How Much Profit Should You Make on a Rental Property_

Master leasing, also known as rental arbitrage, is when you lease someone else’s property and then rent it out to other tenants on a short-term basis. With the rise of short-term rental apps like Airbnb, you can often rent a property for a significant markup over what it would cost to rent it on a long-term monthly basis. Master leasing is when you lease a property, sublet it to tenants on apps like Airbnb, Craigslist, or VRBO and pocket the difference.

In popular vacation destinations and tourist areas, you can often charge $100+ per night, while the price to rent the property monthly may be half that. You must pay for the furniture, utilities, and WiFi, but beyond that, you won’t have many other expenses.

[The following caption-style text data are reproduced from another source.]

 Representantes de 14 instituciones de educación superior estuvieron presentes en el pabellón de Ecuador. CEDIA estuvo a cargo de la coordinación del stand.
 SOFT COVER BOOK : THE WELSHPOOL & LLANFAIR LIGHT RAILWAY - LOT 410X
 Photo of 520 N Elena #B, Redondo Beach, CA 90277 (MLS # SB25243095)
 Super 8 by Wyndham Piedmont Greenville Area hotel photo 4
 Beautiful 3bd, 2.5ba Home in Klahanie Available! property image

However, you must get permission from the landlord to run this type of business. Some landlords are not comfortable with frequent subletting, and there are cities with strict laws about short-term rentals. So, make sure to do your research before deciding on a particular area.

Master leasing is a simple strategy that you can perform without ever purchasing a property. But it does carry its risks, as there may be extended periods of vacancy, which will make your income unpredictable. So, make sure you have a solid game plan before giving it a try.